- **What to produce**
Your response to the data below should hold nothing except the lines from the one containing "A black MiS" down to the one containing "LargeÂ California Faience Matte", reproduced exactly and without pictures.

- **Supplied information**

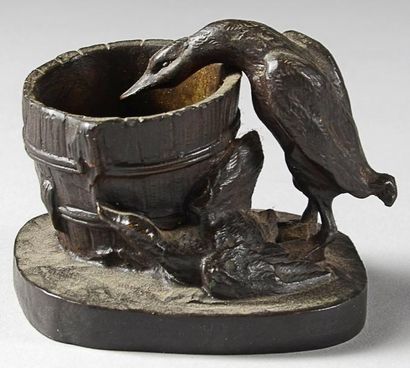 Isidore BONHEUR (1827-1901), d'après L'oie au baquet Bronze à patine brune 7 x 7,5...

...

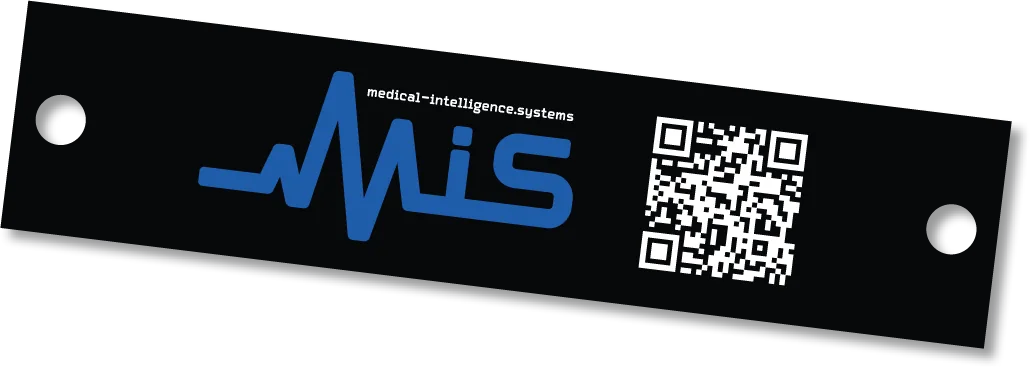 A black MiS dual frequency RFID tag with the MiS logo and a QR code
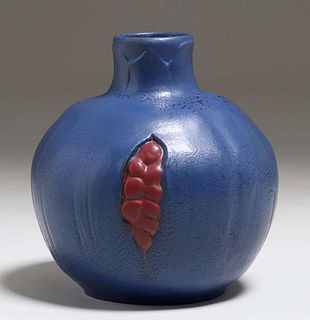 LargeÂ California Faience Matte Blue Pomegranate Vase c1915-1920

==

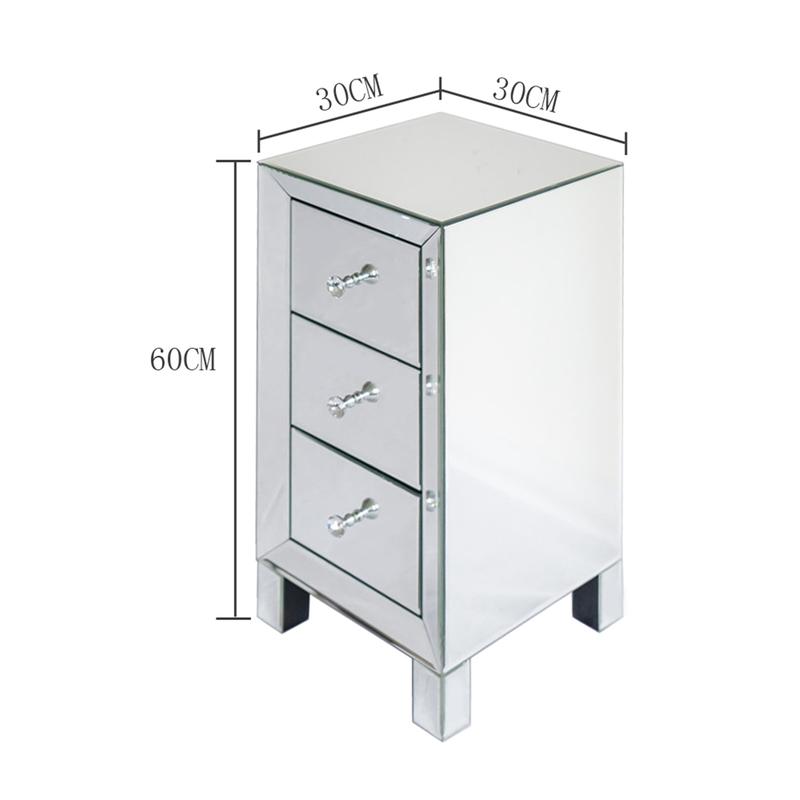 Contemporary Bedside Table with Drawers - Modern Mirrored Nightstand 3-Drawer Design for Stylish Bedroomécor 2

- **Final answer**
 A black MiS dual frequency RFID tag with the MiS logo and a QR code
 LargeÂ California Faience Matte Blue Pomegranate Vase c1915-1920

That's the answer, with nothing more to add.